A final point - Kit cars , engine swops/changes are not illeagal (yet) so which ecu do you use then :runaway:


----------



## Andy W (Dec 31, 2005)

i just had to change the mirrors on our 7.5t truck (02 plate) because they now don't meet MOT standards, things can be made to be retrospective for MOT 

Tow bars are now checked as part of an MOT, Doesn't matter if 'it was like that last year' if its fitted its checked

don't all Bikes now have to have a silencer with a BS marking ? that never used to be the case either. or is it just bikes that are registered after a certian date


----------



## Lubo69GTR (Mar 4, 2010)

RSVFOUR said:


> Sorry but I dont think you are looking at this in the right way.
> 
> You can no more fail a car for having an aftermarket ECU than you can fail a pre seat belt car for no belts or fail a pre 1973 car for not having a cat.
> All such rule changes are never retrospective.
> ...



You don't need to have a CAT fitted to any UK car up to and including a J plate mid 92.

My bike has a BS mark on top and illegal for road use underneath  It all depends on your MOT man.

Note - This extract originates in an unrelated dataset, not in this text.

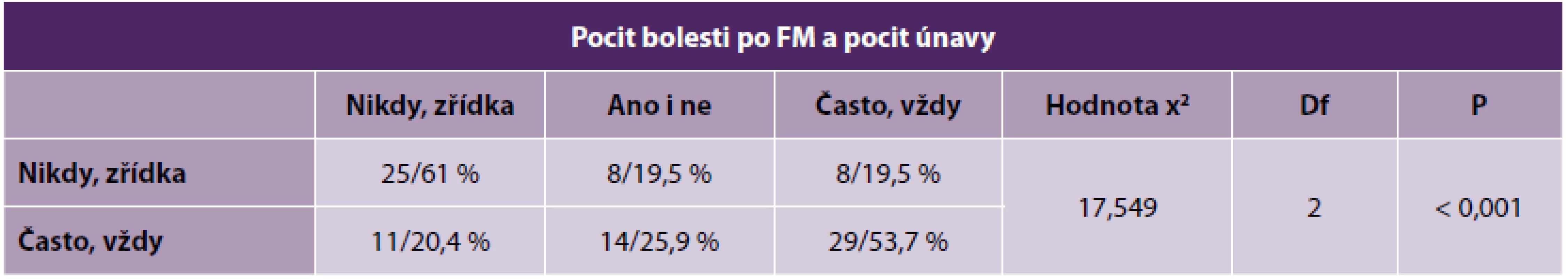 Bolest a únava po manipulaci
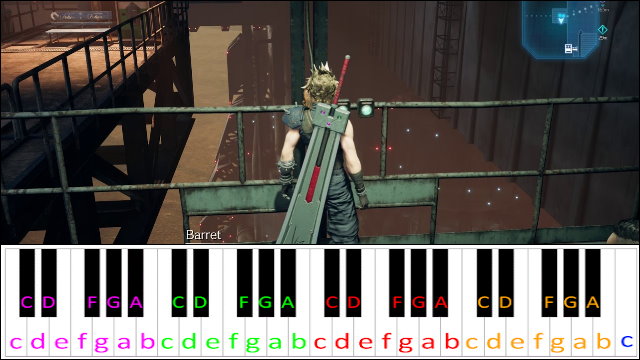 Electric de Chocobo (Final Fantasy VII) Piano / Keyboard Easy Letter Notes for Beginners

I've been taking my bike to a place since I was a kid and it'd only needs one wheel to pass as long as it's clean  Yet to find a decent car MOT tester though


----------



## 1563parker (Jul 22, 2009)

ITSt said:


> Do you not read the official MOT tester's bullitins ?
> 
> Here's the link to the one that first discusses the new regs :
> 
> http://www.dft.gov.uk/vosa/repository/MoT%20-%20Issue%2048%20-%20Oct%202010.pdf


yes I do read them but if i belived everything i read in them over the years, an mot would take about 2days!
also its idiots that dont know the first thing about cars that dream all this up i mean an mot every 2 years is still being looked into an thats the most stupid thing i have ever heard!!


----------



## Andy W (Dec 31, 2005)

1563parker said:


> also its idiots that dont know the first thing about cars that dream all this up i mean an mot every 2 years is still being looked into an thats the most stupid thing i have ever heard!!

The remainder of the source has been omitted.